Key Takeaways: Lies, Damn Lies, and Statistics: Ethical Data Practice

One-Sentence Summary

Ethical data practice requires recognizing that statistics can mislead without fabrication (through cherry-picking, Simpson's paradox, and the ecological fallacy), that research integrity depends on distinguishing confirmatory from exploratory analysis (preventing p-hacking and HARKing), that data privacy and informed consent are harder to achieve than most people think, and that every data-driven decision embeds value judgments about whose welfare matters — judgments that demand transparency, accountability, and input from affected communities.

Core Concepts at a Glance

Concept Definition Why It Matters
Simpson's paradox A trend in aggregated data that reverses when broken into subgroups Data can tell opposite stories at different levels — always check both
Ecological fallacy Drawing conclusions about individuals from group-level data Group statistics don't describe individual people
Cherry-picking Selecting data, ranges, or subgroups that support your conclusion True statistics can tell false stories through selective presentation
P-hacking Trying multiple analyses until a significant result appears Inflates false positive rates far beyond the nominal alpha level
HARKing Presenting post-hoc discoveries as pre-specified hypotheses Misrepresents the discovery process and overstates evidence
Informed consent Participants' knowing agreement to participate in research Respects individual autonomy and protects against exploitation
Re-identification risk The ability to identify individuals from "anonymized" data 87% of Americans can be identified by birth date, zip code, and gender
Fairness impossibility Equal calibration, equal FPR, and equal FNR cannot all be achieved simultaneously Every algorithm embeds a value judgment about which fairness matters

Simpson's Paradox

Element Description
What it is A trend that reverses when data is disaggregated into subgroups
Classic example UC Berkeley admissions: women had lower overall admission rates but higher rates in most departments
Why it happens A confounding variable is unevenly distributed across comparison groups
Ethical implication Both the aggregate and disaggregated stories are "true" — choosing which to present is an ethical decision
The fix Always check both aggregate and subgroup data; report both; be transparent about the level of analysis

Questionable Research Practices

Practice What It Is Why It's Wrong The Fix
P-hacking Trying multiple analyses until p < 0.05 Inflates false positive rate (64% with 20 tests) Pre-register analysis plan
HARKing Presenting post-hoc findings as hypotheses Misrepresents evidence strength Label exploratory analyses as such
Cherry-picking Selecting supportive data, ignoring contradictory data Creates misleading impression from true facts Report all analyses; justify any restrictions
Optional stopping Checking significance repeatedly and stopping when p < 0.05 Inflates Type I error beyond nominal alpha Pre-specify sample size
Selective reporting Reporting only significant results File drawer problem; biases the literature Report all results including null findings
Flexible outlier removal Removing outliers only when they hurt results Distorts data to match hypothesis Pre-specify outlier criteria

Ethical Frameworks for Data Practice

Framework Core Question Applied to James's Algorithm
Utilitarian Which choice produces the greatest total good?
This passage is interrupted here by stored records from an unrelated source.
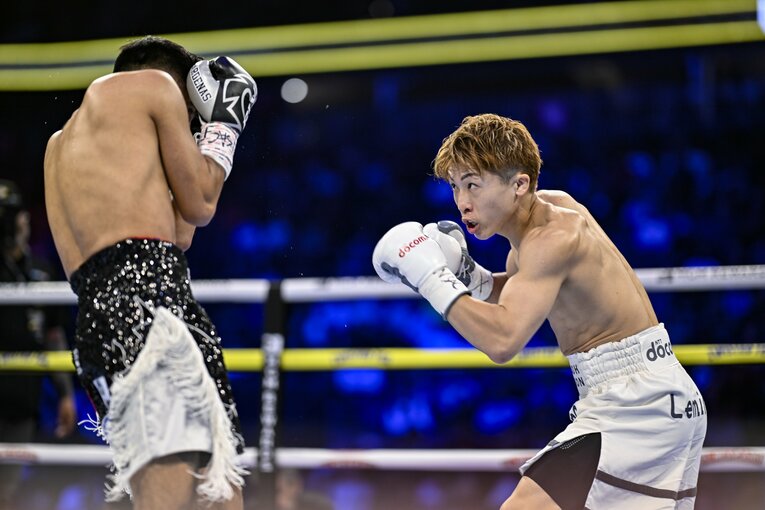 井上の攻撃に対してガードを固めるカルデナス　©︎Hiroaki Finito Ymaguchi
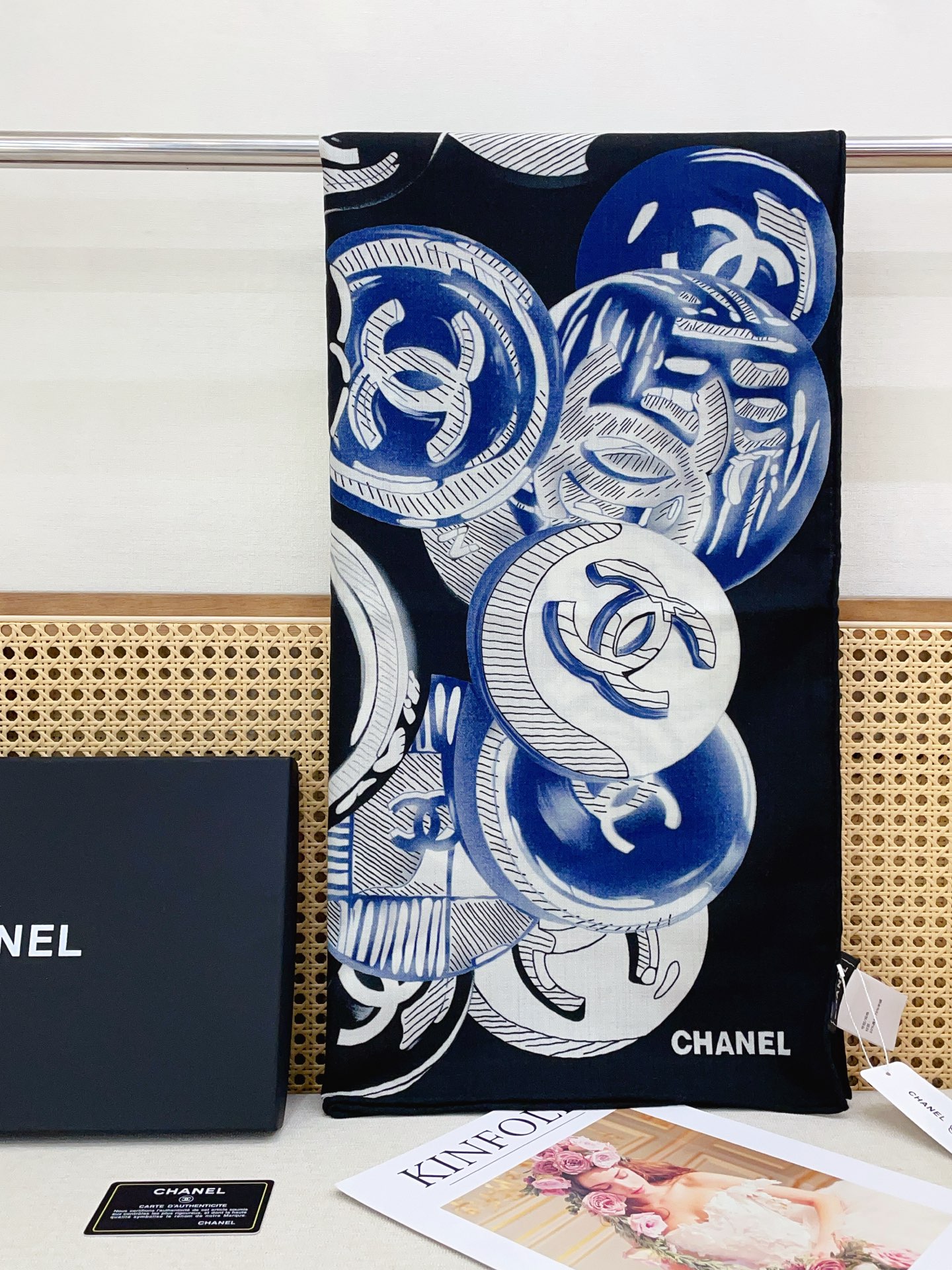 ✨✨【双面同色 丝毛款】小香 羊绒方巾‼️抢‼️VIP推荐 ‼️👍下手一定要快【高端 大爱 ‼️纯羊绒 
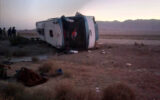 13 مصدوم بر اثر واژگونی اتوبوس مسافربری در یزد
Use if total errors decrease, even if one group bears more cost
Rights-based Does this respect every individual's fundamental rights? Reject if it violates the right to individual assessment
Care ethics What response best serves the most vulnerable? Modify to protect communities historically harmed by the justice system

Research Ethics Timeline

Year Event Significance
1932 Tuskegee Syphilis Study begins 399 Black men denied treatment for 40 years
1972 Tuskegee exposed by journalist Led to public outrage and policy reform
1974 National Research Act Created National Commission for human subjects protection
1979 Belmont Report Established three principles: Respect, Beneficence, Justice
1981 Common Rule (45 CFR 46) Required IRB review for federally funded research
2014 Facebook emotional contagion study Manipulated 689K users' emotions without consent
2015 Open Science Collaboration Only 36% of psychology findings replicated
2018 GDPR enacted EU data privacy regulation with major penalties
2020 CCPA enacted California data privacy regulation

Data Privacy

Concept Key Point
Re-identification Removing names is not enough; date of birth + zip code + gender can identify 87% of Americans
Netflix attack Narayanan and Shmatikov re-identified "anonymous" users from movie ratings
GDPR Opt-in consent, right to deletion, up to 4% of global revenue in penalties
CCPA Opt-out model, right to know and delete, up to $7,500 per intentional violation
The lesson Any dataset with enough variables can potentially be linked to external information

The "Lying with True Statistics" Checklist

Ask yourself before every analysis:

Check Question
Cherry-picking Would my conclusion change if I used all the available data?
Denominator games Am I reporting both absolute and relative numbers?
Aggregation effects Could this trend reverse at a different level of analysis?
Survivorship bias Am I only looking at the "winners"?
Correlation → causation Am I implying a causal relationship that my study design can't support?
Missing context Would someone who disagreed with me say I presented the data fairly?

Perspective-Taking Framework

For any data-driven decision, consider:

Stakeholder Question
The analyst What are my incentives? Am I under pressure?
The decision-maker Who is using this? What decisions will they make?
The subjects Whose data is this? Did they consent?
The affected community Who will be impacted? Were they consulted?
The absent voices Who is NOT in the data?
Future users How might this data be used in ways I didn't intend?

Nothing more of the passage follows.